Best way to save password in aws dynamoDB

Question

I am working on android application using amazon dynamodb service.

As i have to save user basic information and password so please let me know what is best way to save password in dynamodb ?

Answer 1

Don't save the password. Don't save the encrypted version of the password. Save the SHA-256 or SHA-512 version of the password. When the user goes to login, convert the attempted password to the same SHA-256 or SHA-512 value and use that to check what is in the database.

There are other more secure hashes as well, such as pbkdf2, scrypt and argon2, you might consider those instead of SHA hashes which are getting easier to crack every year.

Why not the encrypted password? If someone gets a hold of your database and brute forces your encryption scheme, they now have all your passwords. Adding a salt to your password based on some part of the data like the user id helps, but a determined user can figure this out too.

If the user forgets their password, use their email address and/or phone number and send them a reset link that expires in 15 minutes or something to that effect.
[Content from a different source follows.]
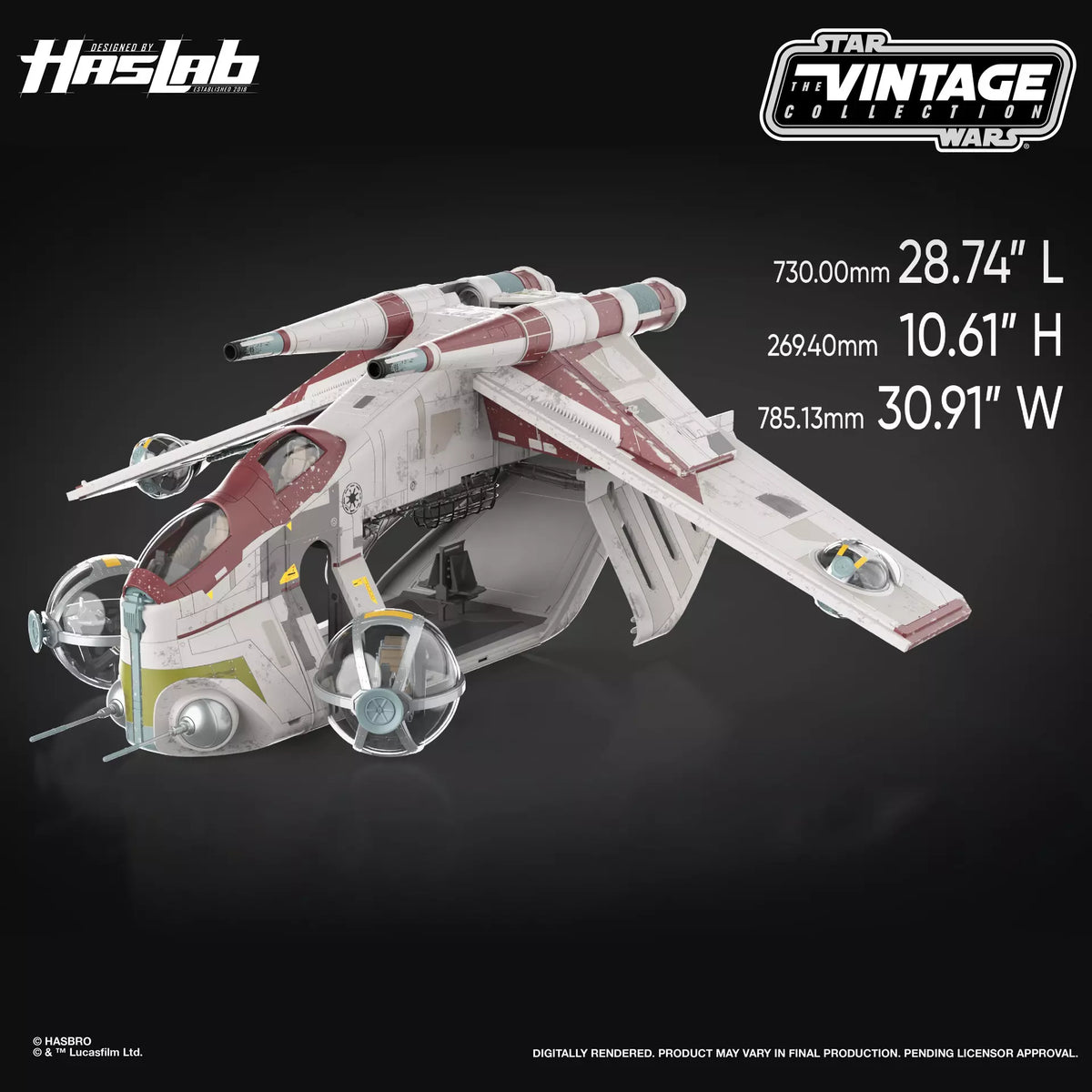Haslab: Star Wars The Vintage Collection LAAT/i Gunship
And remember to use https for everything, never transmit the hash of a password over http.

Answer 2

It is not recommended to keep sensitive information without encryption in DyanmoDB in plain text. You can encrypt the password using AWS KMS and store the encrypted text in DynamoDB.

As an alternative option, you can see whether you can use AWS Cognito Userpools for user identity storage (Not sure whether this is applicable to your use case).